Madrid sigue siendo escenario de un sonado proceso judicial relacionado con acusaciones de revelación de información confidencial. Esta vez, el foco está puesto en el fiscal Álvaro García Ortiz, quien eliminó todos sus correos electrónicos y mensajes. Esta acción ha levantado sospechas en el tribunal y ha generado acusaciones sobre un posible intento de ocultar rastros de una filtración de datos.
Sin embargo, de manera inesperada, Agustín Hidalgo, responsable de protección de datos en la Fiscalía General, salió en defensa. Afirmó que cada fiscal tiene la obligación de tomar medidas propias para evitar fugas de información. Según él, eliminar datos de los dispositivos no solo es aceptable, sino una práctica necesaria para minimizar los riesgos asociados al almacenamiento de información confidencial.
Hidalgo subrayó que el valor de la información manejada por los fiscales supera con creces el de los dispositivos en sí. Por eso, cuando un empleado cambia de teléfono o de ordenador, tiene derecho a borrar todos los datos para evitar que caigan en manos ajenas. Según Hidalgo, este enfoque se aplica desde hace años en la Fiscalía para reforzar la seguridad y evitar el almacenamiento innecesario de información que podría verse comprometida en caso de pérdida o hackeo del equipo.
Detalles del caso y postura de la defensa
En el centro del proceso judicial está la cuestión de quién filtró a la prensa el correo electrónico en el que el abogado del empresario Alberto González Amador reconocía delitos fiscales y proponía un acuerdo para evitar la cárcel. La acusación sostiene que la eliminación de la correspondencia por parte de García Ortiz constituye una prueba adicional de su implicación en la filtración.
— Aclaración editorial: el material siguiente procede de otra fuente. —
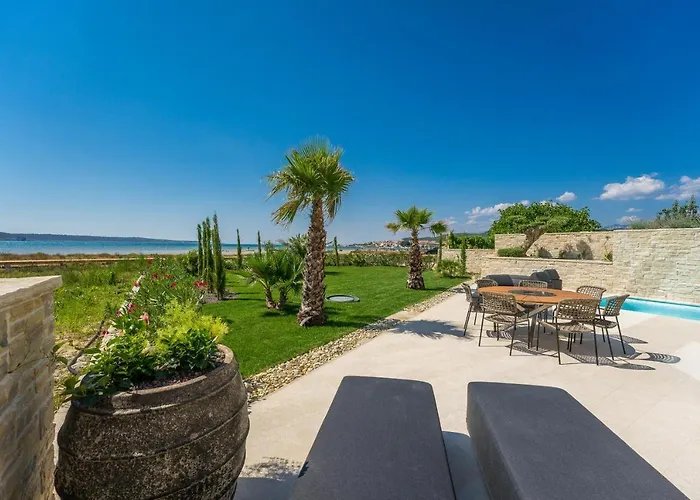 Four Seasons Ljubač Seaside A * Ražanac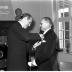 Huldiging Saelen: Saelen krijgt medaille en houdt bedankingsrede, Kachtem 1958
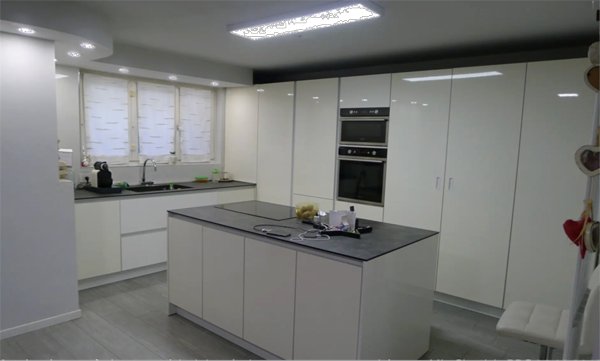 casa indipendente in vendita a Parabiago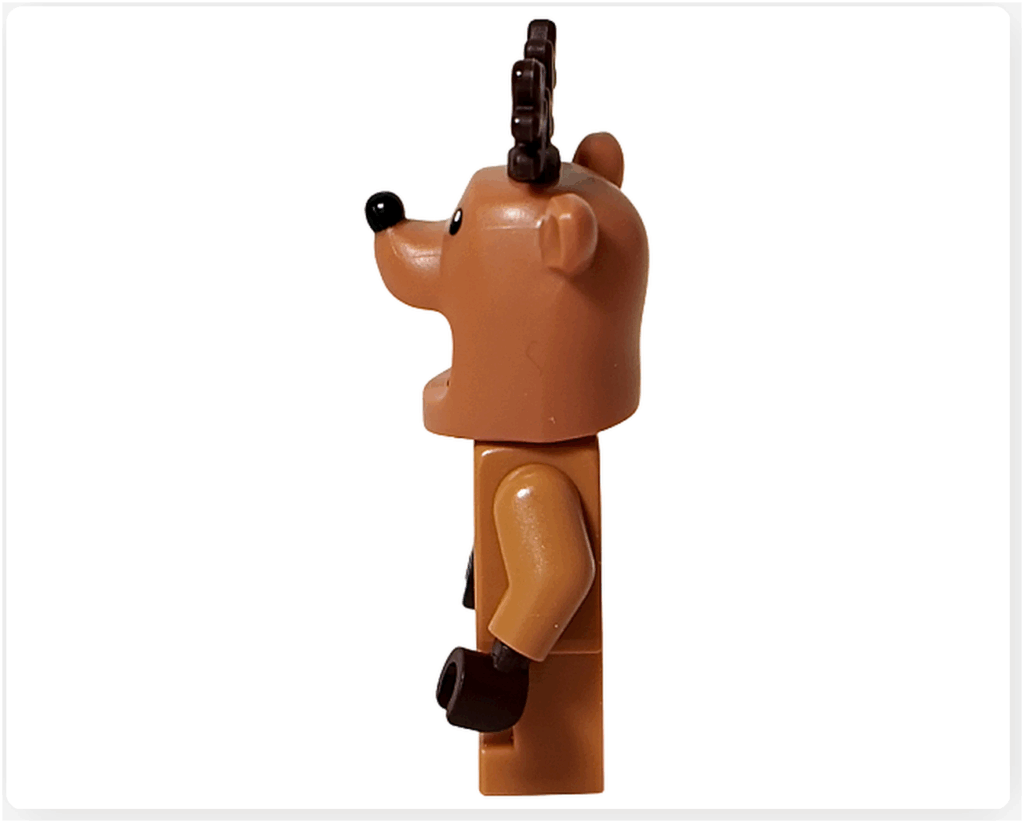 LEGO CITY 60475 Advent Calendar 2025 トナカイコスチュームの女の子ミニフィグ 左側面。鼻や耳の立体感が分かる横向きショット。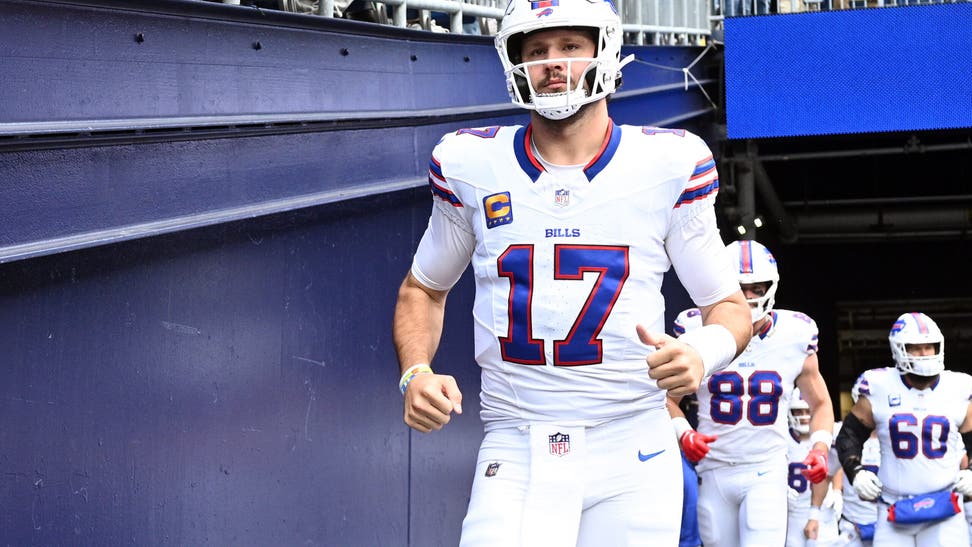 NFL: Buffalo Bills at New England Patriots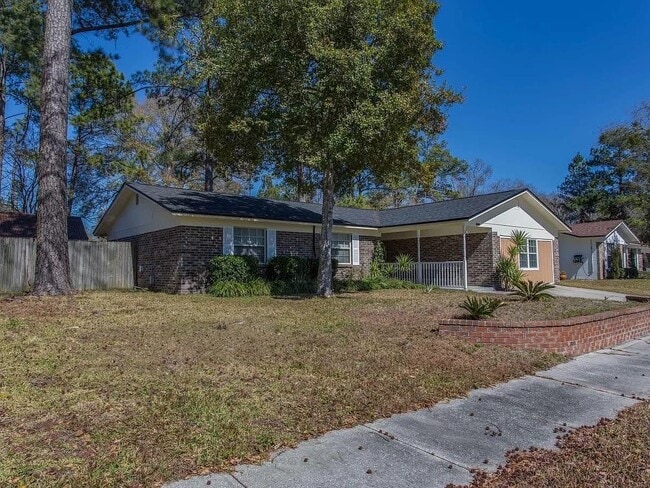 Foto del edificio - 3962 Lake Warren Dr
Sin embargo, Hidalgo señaló que la investigación de este tipo de incidentes solo puede iniciarse a petición de las partes interesadas. En este caso, ni el abogado Carlos Neira ni el propio González Amador han solicitado averiguar quién fue la fuente de la filtración. Además, Hidalgo no detectó indicios de violación de la seguridad por parte de la fiscalía, a pesar de la publicación de la cronología de las negociaciones entre el abogado y el organismo.
Reacciones a las declaraciones públicas y sus consecuencias
Durante la audiencia se prestó especial atención al comunicado oficial de la fiscalía publicado en marzo de 2024, que desmentía los rumores de que el propio organismo hubiera impulsado el acuerdo. La acusación sostuvo que la publicación de los detalles de las negociaciones rompió el principio de confidencialidad entre la defensa y la fiscalía. Sin embargo, Hidalgo no compartió esa opinión y subrayó que tales acciones no suponen una amenaza para la seguridad de los datos.
Al final, la postura del responsable de protección de la información jugó a favor de la defensa de García Ortiz. Su testimonio puso en duda los argumentos de la acusación y podría influir en el transcurso del proceso. La cuestión de quién es realmente culpable de la filtración sigue sin respuesta, pero ahora la defensa cuenta con nuevos argumentos a su favor.